The Paris Architect: A Novel

But then she felt a small movement within her, then another. Juliette ran her hand all over her bare belly. What the hell was she thinking of? There’s a scientist inside me, thought Juliette, who’ll need my help and guidance. Her joy in giving the kid its first microscope. Seeing her child graduate with honors. And forty-some years from now, she could be in Stockholm to see Marie or Pierre win a Nobel Prize. There were so many good things to come. She smiled and decided that she’d be damned if she’d give herself and her child up to these bastards. Juliette had no intention of dying.

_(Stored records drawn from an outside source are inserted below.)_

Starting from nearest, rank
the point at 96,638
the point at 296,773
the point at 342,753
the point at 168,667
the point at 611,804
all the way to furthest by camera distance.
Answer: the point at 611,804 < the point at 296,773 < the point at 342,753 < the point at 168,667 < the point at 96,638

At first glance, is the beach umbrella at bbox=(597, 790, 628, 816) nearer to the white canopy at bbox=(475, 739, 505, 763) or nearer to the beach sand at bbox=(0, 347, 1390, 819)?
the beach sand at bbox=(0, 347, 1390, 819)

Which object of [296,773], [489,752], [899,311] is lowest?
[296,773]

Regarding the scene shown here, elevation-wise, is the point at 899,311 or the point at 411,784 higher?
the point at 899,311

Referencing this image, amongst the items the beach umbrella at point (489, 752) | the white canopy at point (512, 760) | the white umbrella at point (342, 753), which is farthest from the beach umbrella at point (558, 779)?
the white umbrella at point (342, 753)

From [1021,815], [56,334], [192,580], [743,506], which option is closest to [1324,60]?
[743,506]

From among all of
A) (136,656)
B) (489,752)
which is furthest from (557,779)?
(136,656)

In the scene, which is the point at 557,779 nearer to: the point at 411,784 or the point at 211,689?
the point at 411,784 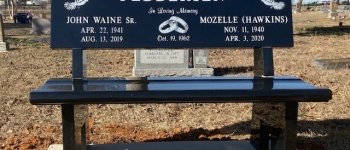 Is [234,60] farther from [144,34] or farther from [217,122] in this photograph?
[144,34]

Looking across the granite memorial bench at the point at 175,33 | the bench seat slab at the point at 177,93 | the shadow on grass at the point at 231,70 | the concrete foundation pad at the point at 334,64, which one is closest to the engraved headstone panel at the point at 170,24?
the granite memorial bench at the point at 175,33

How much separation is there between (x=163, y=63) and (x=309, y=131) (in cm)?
405

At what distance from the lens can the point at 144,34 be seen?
3291mm

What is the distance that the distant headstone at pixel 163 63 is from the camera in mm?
8070

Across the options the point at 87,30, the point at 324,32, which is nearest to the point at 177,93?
the point at 87,30

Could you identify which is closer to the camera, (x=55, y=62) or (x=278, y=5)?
(x=278, y=5)

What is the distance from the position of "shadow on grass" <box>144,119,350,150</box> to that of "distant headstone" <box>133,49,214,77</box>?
3.33 m

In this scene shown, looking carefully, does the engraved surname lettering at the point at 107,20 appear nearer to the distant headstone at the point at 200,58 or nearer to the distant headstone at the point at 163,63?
the distant headstone at the point at 163,63

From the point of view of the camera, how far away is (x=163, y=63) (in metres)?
8.16

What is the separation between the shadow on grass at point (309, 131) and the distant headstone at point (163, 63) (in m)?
3.33

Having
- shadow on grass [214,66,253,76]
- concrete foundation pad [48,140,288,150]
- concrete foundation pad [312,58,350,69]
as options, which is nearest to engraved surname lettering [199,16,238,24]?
concrete foundation pad [48,140,288,150]

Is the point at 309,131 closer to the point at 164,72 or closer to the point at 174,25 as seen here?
the point at 174,25

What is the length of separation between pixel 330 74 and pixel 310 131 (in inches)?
149

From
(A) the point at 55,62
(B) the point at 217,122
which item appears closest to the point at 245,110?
(B) the point at 217,122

Then Juliette realized that all the noise around her had suddenly ceased. She raised her head and stared at the bottom of the drain pan as if she could see through it into the kitchen. The silence continued for fifteen minutes, and it seemed the Germans had given up. She’d still wait an hour before getting out of the hiding place as Manet had told her. Then in an instant, her nose detected the ever-so-faint smell of smoke. Quickly, the smell became stronger. Immediately, she contorted her body to go head first into the tunnel opening at the bottom of the hiding place. Only a half meter square, Juliette and her rucksack barely fit in it. Trying to keep her belly off the damp dirt floor, she squirmed and clawed in total darkness like a crazed mole through the twenty meters of tunnel. An incredible energy propelled her through the tunnel like a shot. The black earth caked her clothes and hands. She worried that any second the tunnel would cave in on her, burying her alive; she’d be just minutes from safety when everything came down on her. But as she crawled along, she saw that it was a well-built passage with planks supporting its sides and ceiling. She smiled when she literally saw the light at the end of the tunnel, but as she got closer, she wondered if the Germans were waiting for her. Would the hail of bullets kill her outright, or would she suffer a slow, agonizing death?

***

In the morning, smoke still rose from the ruins as Schlegal’s men poked through the debris. When Schlegal arrived two hours later, Bruckner reported that no bodies had been discovered. Schlegal immediately ordered the men away and walked through the wreckage by himself. He half expected to find a charred body but found nothing. Where the kitchen had once stood, he lit a cigarette. He blew the match out and tossed it into what looked like a floor drain. Schlegal realized there was something odd about the drain. Under the grating was a very shallow, empty metal pan. He tossed his cigarette away, knelt down, and pulled off the grating, which was fastened to the pan. There was a dark empty space below. He threw aside the grating, took off his cap, and stuck his head into the hole. He struck a match and held it down the hole. He saw a tunnel. He pulled himself up, smiling. The pan must have been filled with water all the time the soldiers were searching the house. They’d never bothered with it because it looked like an ordinary old floor drain. The water had evaporated during the fire, exposing the pan. Schlegal suspected the tunnel extended far into the garden, its terminus hidden by the dense covering of flowers. The Jew had escaped while they were in the house.

Schlegal lit a cigarette and walked slowly back to his car.

“This is one very smart bastard,” he said with a smile.

***

Three kilometers away on a high ridge, Juliette could see the wisp of gray smoke still rising slowly above the forest. There had been no one waiting for her at the end of the tunnel, and in the twilight, she had run through the dense forest, tripping and falling on her face dozens of times. She’d looked back to see an orange and yellow pillar of fire lighting up the forest for hundreds of meters around. Exhausted, she’d squeezed under a fallen tree trunk to rest when she was far enough from the house to feel safe. Juliette had laid her head down on the cool green moss under the rotting trunk and slept right through the night.

Manet had instructed Juliette on a backup plan if she was discovered, and now she must follow it to the letter. She picked up her rucksack, looked down at her belly, and gave it a pat, then walked slowly away. Juliette wasn’t at all frightened. She knew they were going to live.